The reverse-scrubber requires the preexistence of a set of approved terms. One of the simplest methods for generating acceptable terms involves extracting them from a nomenclature that comprehensively covers the terms used in a knowledge domain. For example, a comprehensive listing of living species will not contain dates or zip codes or any of the objectionable language or data that should be excluded from a scrubbed data set. In a method that I have published a list of approved doublets (approximately 200,000 two-word phrases collected from standard nomenclatures) are automatically collected for the scrubbing application [4]. The script is fast, and its speed is not significantly reduced by the size of the list of approved terms.

Here is a short python script. scrub.py, that will take any line of text and produce a scrubbed output. It requires an external file, doublets.txt, containing an approved list of doublet terms.

import sys, re, string
doub_file = open("doublets.txt", "r")
doub_hash = {}
for line in doub_file:
 line = line.rstrip()
 doub_hash[line] = " "
doub_file.close()
print("What would you like to scrub?")
line = sys.stdin.readline()
line = line.lower()
line = line.rstrip()
linearray = re.split(r' +', line)
lastword = "⁎"
for i in range(0, len(linearray)):
 doublet = " ".join(linearray[i:i + 2])
 if doublet in doub_hash:
   print(" " + linearray[i], end ="")
   lastword = " " + linearray[i + 1]
 else:
   print(lastword, end ="")
   lastword = " ⁎"
 if (i == len(linearray) + 1):
   print(lastword, end ="")

Section 3.8. Case Study (Advanced): Identifiers in Image Headers

Plus ca change, plus c'est la meme chose.

Old French saying (“The more things change, the more things stay the same.”)

As it happens, nothing is ever as simple as it ought to be. In the case of an implementation of systems that employ long sequence generators to produce unique identifiers, the most common problem involves indiscriminate reassignment of additional unique identifiers to the same data object, thus nullifying the potential benefits of the unique identifier systems.

Let us look at an example wherein multiple identifiers are redundantly assigned to the same image, corrupting the identifier system.
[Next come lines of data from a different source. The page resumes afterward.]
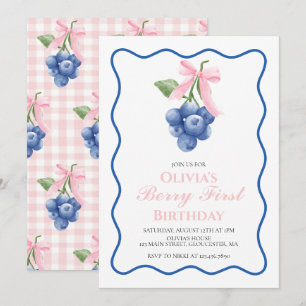 Invitación Cumpleaños Coquette Berry First Arándano Lazo Rosa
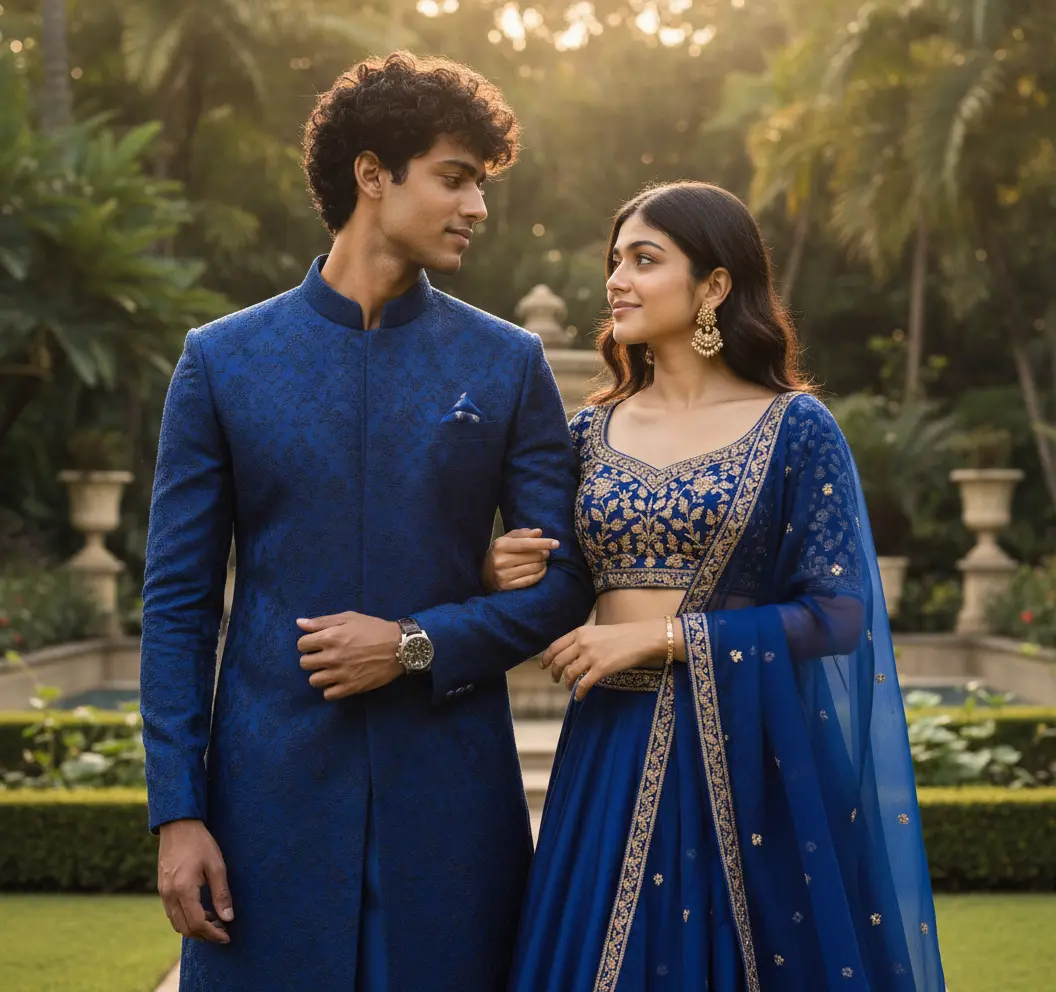 Royal Cobalt Love — South Asian Couple Portrait AI photo by Serene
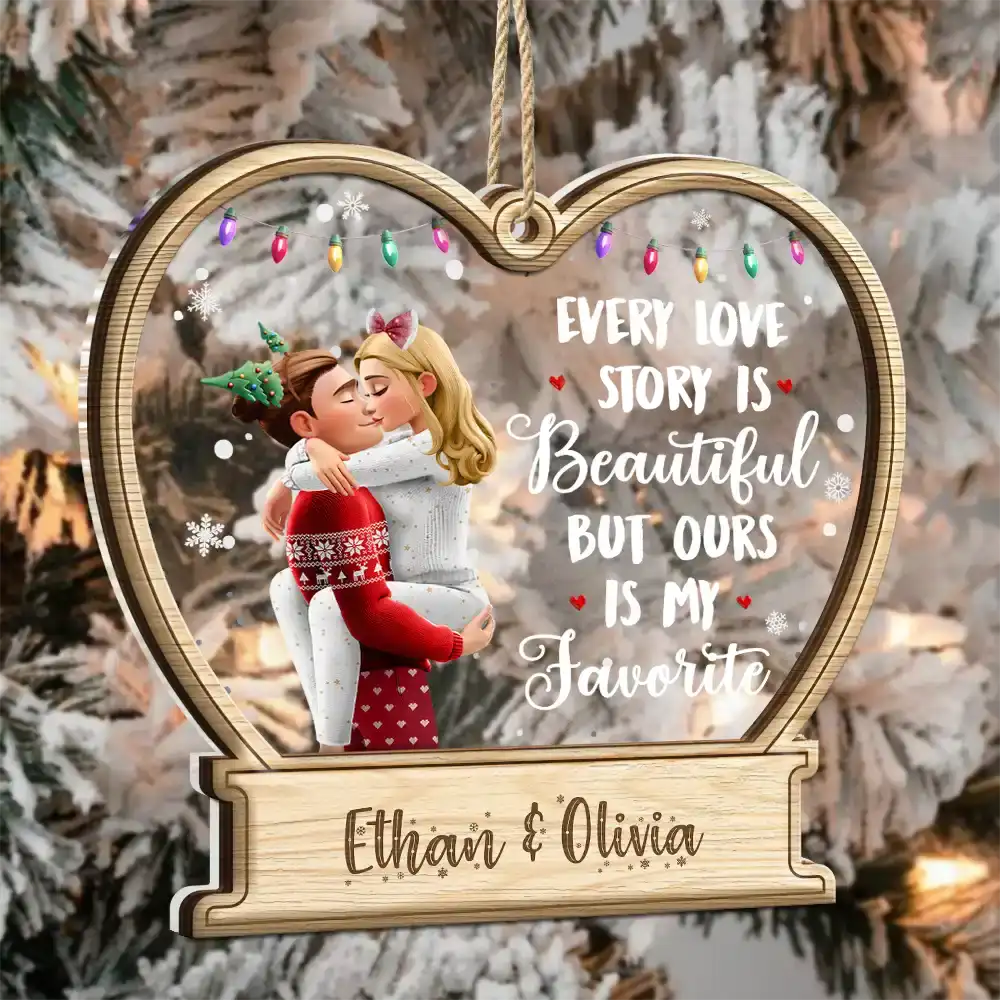 3D Effect Couple Our Love Is My Favorite - Personalized 2-Layered Mix Ornament - Image 3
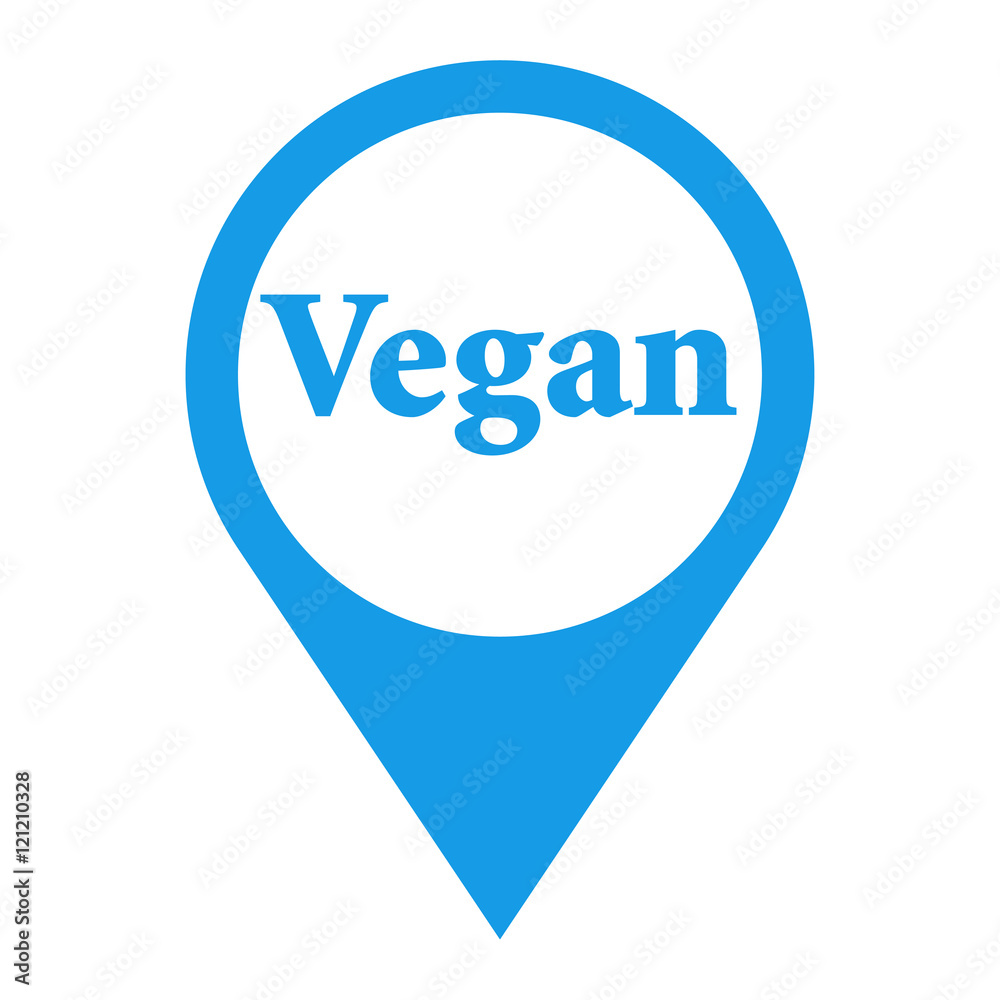 Icono plano localizacion texto Vegan azul Icono plano localizacion texto Vegan azul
In Section 4.3, we discuss image headers, and we provide examples wherein the ImageMagick “identify” utility could extract the textual information included in the image header. One of the header properties created, inserted, and extracted by ImageMagick's “identify” is an image-specific unique string. [Glossary ImageMagick]

When ImageMagick is installed in our computer, we can extract any image's unique string, using the “identify” utility and the “-format” attribute, on the following system command line: [Glossary Command line]

c:>identify -verbose -format "%#" eqn.jpg

Here, the image file we are examining is “eqn.jpg”. The “%#” character string is ImageMagick's special syntax indicating that we would like to extract the image identifier from the image header. The output is shown.

219e41b4c761e4bb04fbd67f71cc84cd6ae53a26639d4bf33155a5f62ee36e33

We can repeat the command line whenever we like, for this image; and the same image-specific unique sequence of characters will be produced.

Using ImageMagick, we can insert text into the “comment” section of the header, using the “-set” attribute. Let us add the text, “I'm modifying myself”:

c:ftp > convert eqn.jpg -set comment "I'm modifying myself" eqn.jpg

Now, let us extract the comment that we just added, to satisfy ourselves that the “-set” attribute operated as we had hoped. We do this using the “-format” attribute and the “%c” character string, which is ImageMagick's syntax for extracting the comment section of the header.

c:ftp > identify -verbose -format "%c" eqn.jpg

The output of the command line is:

I'm modifying myself

Now, let us run, one more time, the command line that produces the unique character string that is unique for the eqn.jpg image file

c:ftp > identify -verbose -format "%#" eqn.jpg

The output is:

cb448260d6eeeb2e9f2dcb929fa421b474021584e266d486a6190067a278639f

What just happened? Why has the unique character string specific for the eqn.jpg image changed? Has our small modification of the file, which consisted of adding a text comment to the image header, resulted in the production of a new image object, worthy of a new unique identifier?

Before answering these very important questions, let us pose the following gedanken question. Imagine you have a tree. This tree, like every living organism, is unique. It has a unique history, a unique location, and a unique genome (i.e., a unique sequence of nucleotides composing its genetic material). In ten years, its leaves drop off and are replaced ten times. Its trunk expands in size and its height increases. In the ten years of its existence, has the identify of the tree changed? [Glossary Gedanken]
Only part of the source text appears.